Strategy #2: Push everything to the background

The performance of your application depends on its ability to accept an incoming HTTP request, process that request, and send back a response as fast as possible. Anything not contributing to this flow is extra work that negatively impacts performance, requiring more servers when under peak load. By moving as much work as possible to be processed in the background, you free your web app to process critical request/response flows without wasting CPU and memory doing work that can be pushed until later.

A common approach to offloading work to the background is to use a distributed messaging approach, as detailed in our Realscale article. Solutions such as Sidekiq are commonly used to make this approach easy for Rails developers. Simply write a background worker that handles the processing, then deploy on one or more worker processes to handle these background tasks.

Cloud 66 makes this easy by allowing applications to define a Procfile for both the web app process, along with background processes deployed on the same server. Your server will now handle web app requests, along with background processes on the same server.

For background work that is CPU and/or memory intensive, you also have the option of deploying dedicated process servers rather than sharing the same web app servers. By separating your web app and background processes to different servers, you can select different instance sizes to fit your stack needs. e.g. larger instances for your app servers, smaller instances for background processes.

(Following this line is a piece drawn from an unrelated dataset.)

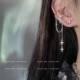 Sparkling Diamond Star Tassel Ear Clips for Women, Trendy Niche High-End Light Luxury Retro Integrated Non-Pierced Ear Cuffs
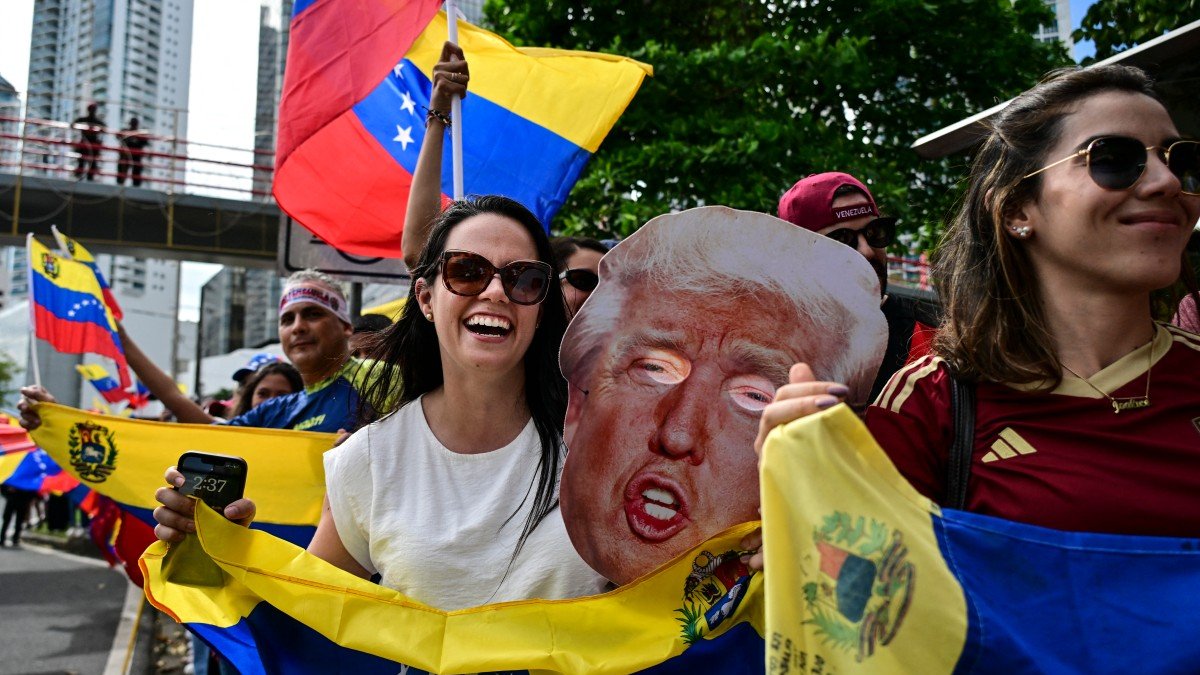 Venezuelans in Panama celebrate with flags and a Trump mask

Strategy #3: Make use of all your vCPUs

You may not realize it, but not all web frameworks use your CPUs in the same way. For example when deploying a Rails app, you have several Rack server options. If you just use the default, you may not use all of the vCPUs available to you from your cloud provider. This results in one or just a few of the available vCPUs from being used:

Choose the right Rack server to use all of your vCPUs by launching multiple processes. A common recommendation is to use Unicorn with Rack. Unicorn forks multiple processes, allowing each process to use one of the available vCPUs to process an incoming request. This helps to maximize the use of each app server, rather than deploying multiple servers that use only 25% of the available vCPUs.

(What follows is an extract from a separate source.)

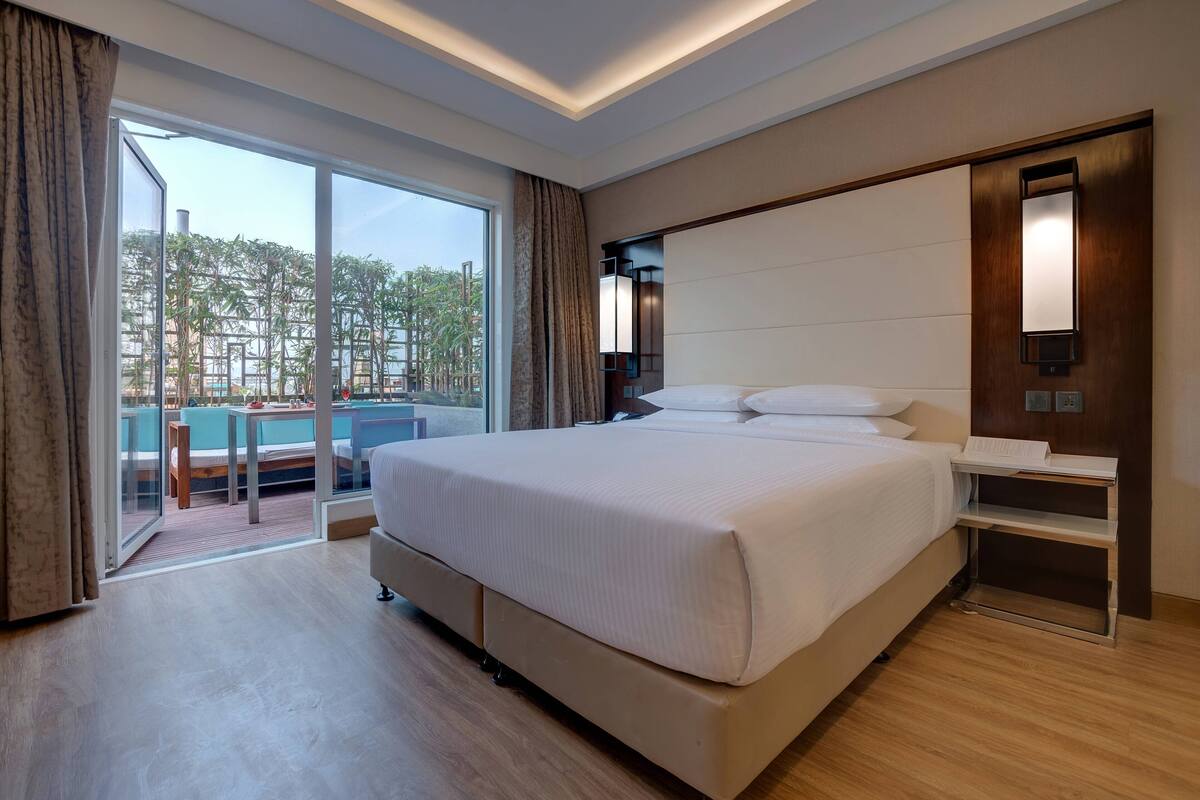 A modern hotel room with a large bed, a bedside table, a built-in TV, and a sliding glass door leading to a pool area.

Strategy #4: Select the right strategy to deploy at scale

Once you start to scale your application, your deployment process will start to take longer as each server is upgraded. This requires that you modify your deployment strategy to handle additional servers. One option to speed up deployment is to use a parallel deployment strategy. By using this strategy, deployments occur on multiple servers at once in a serial fashion, rather than on a server-by-server basis. This does however have an impact on how you migrate your database, so be sure to read our help page on taking advantage of parallel deployments before selecting this option.

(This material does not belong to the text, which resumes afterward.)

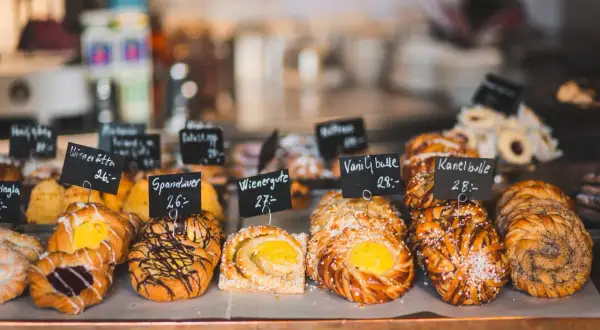 Frestelser på ett café. Vackra bullar och wienerbröd med prislappar, redo att avnjutas med en kopp kaffe.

Strategy #5: Use redeployment hooks to avoid deploy scripting

Scripting your deployment process often requires a deep understanding of server deployment processes, such as those outlined above, as well as understanding how to use tools such as Capistrano, Chef, Puppet, or Ansible. All this scripting work takes away valuable time from building and supporting your application. Plus, your team must keep up with the latest changes, often during a critical deployment time when your scripts break due to changes with deployment tools. We outlined many of these issues in a recent article, "7 Obstacles to Overcome When Deploying Ruby on Rails to Production".

By using Cloud 66 redeployment hooks, you can deploy your application to one or more servers easily. Using redeployment hooks, all of this scripting can be eliminated by triggering a new deploy every time code has been merged into a specific branch in your Git repository (e.g. master). You can even connect the Cloud 66 deployment process to an automated test solution, such as TravisCI, to ensure that only tested code is deployed into production.